▸ Work instructions
Once the pictures are removed, reproduce what is left of the data below exactly.

▸ Information shown
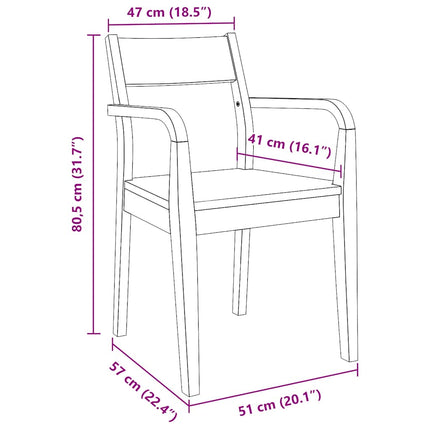 Chaises à manger 2 pcs bois massif naturel caoutchouc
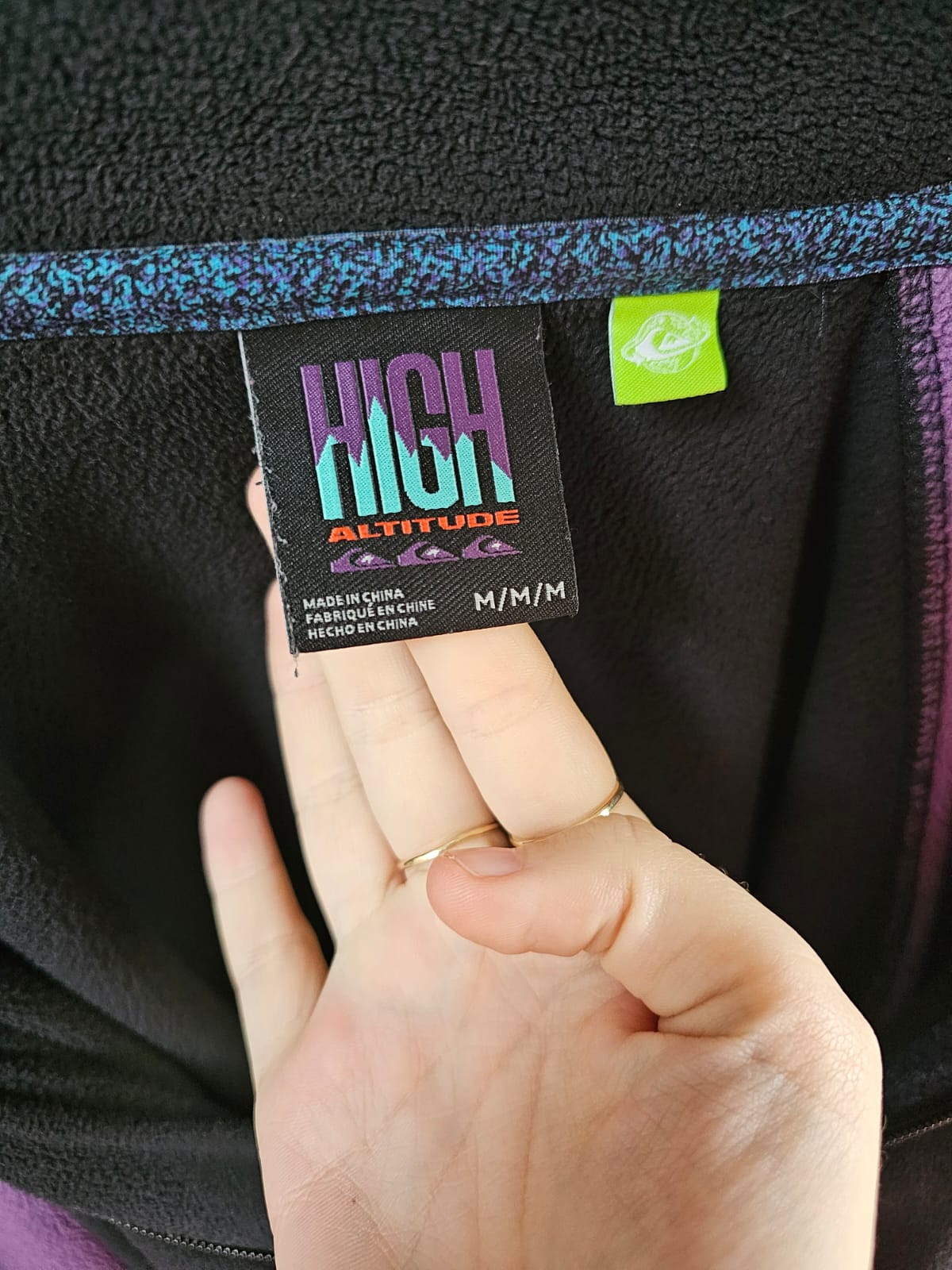 Mens Awesome Quiksilver Black 1/2 Zip Pullover Pattern Details Fleece Jumper - M/Medium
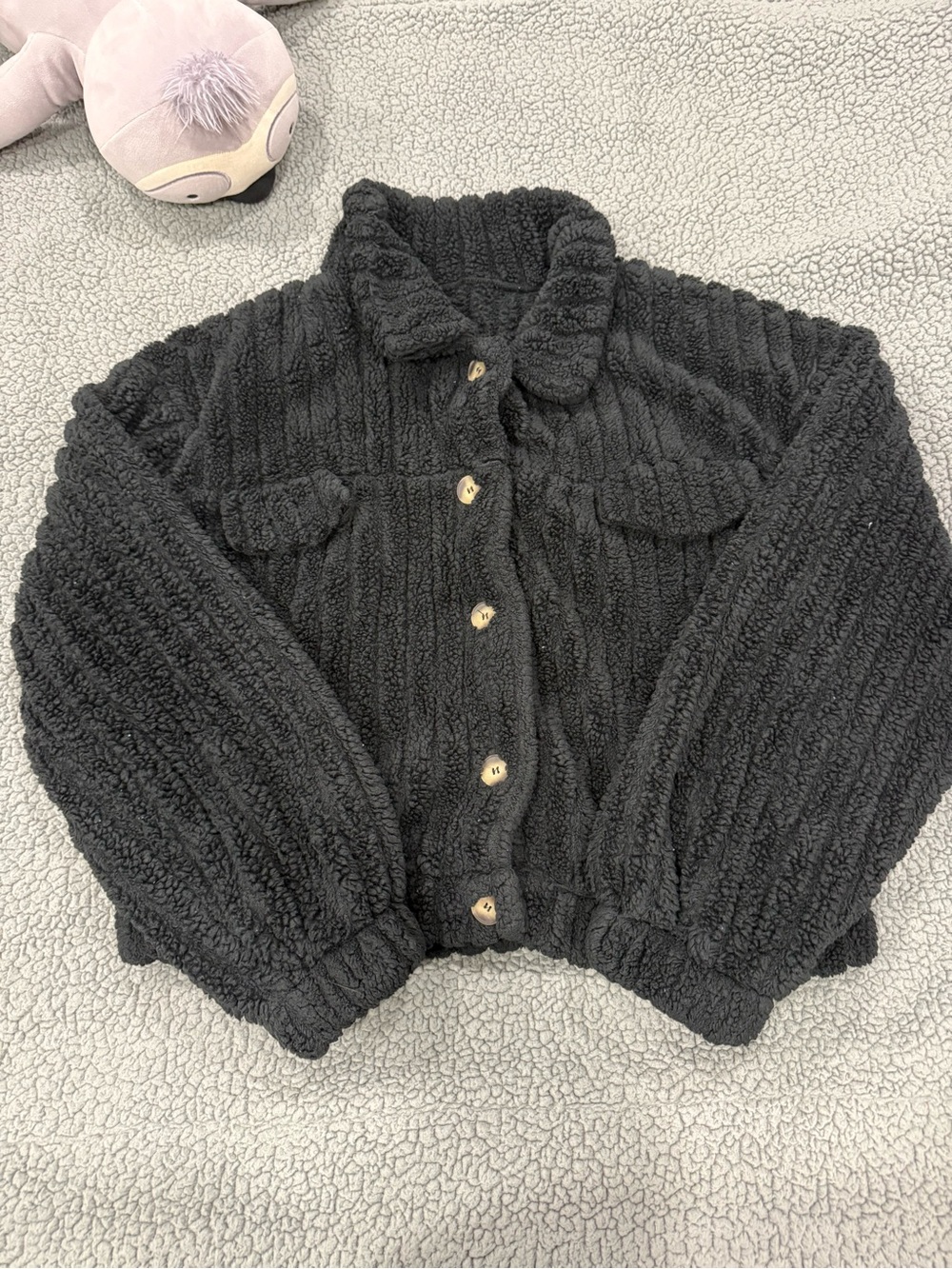 Cozy Black Teddy Button-Front Jacket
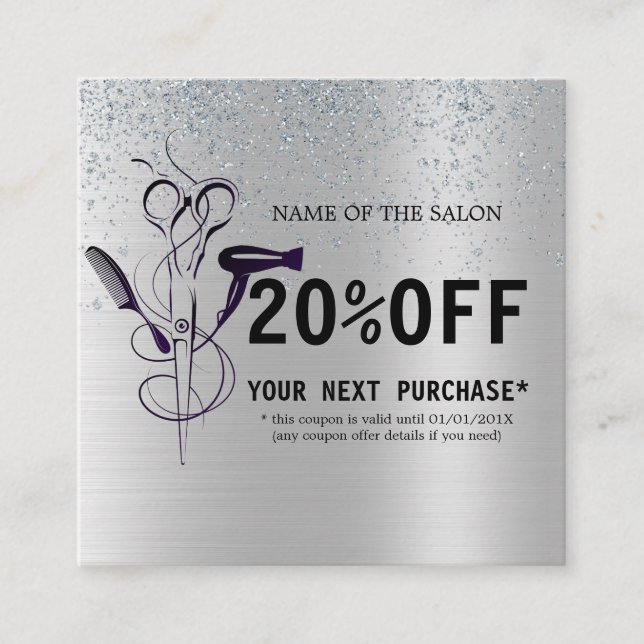 Carte de réduction du Salon de beauté Silver Glitt (Devant)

▸ Expected answer
 Chaises à manger 2 pcs bois massif naturel caoutchouc
 Mens Awesome Quiksilver Black 1/2 Zip Pullover Pattern Details Fleece Jumper - M/Medium
 Cozy Black Teddy Button-Front Jacket
 Carte de réduction du Salon de beauté Silver Glitt (Devant)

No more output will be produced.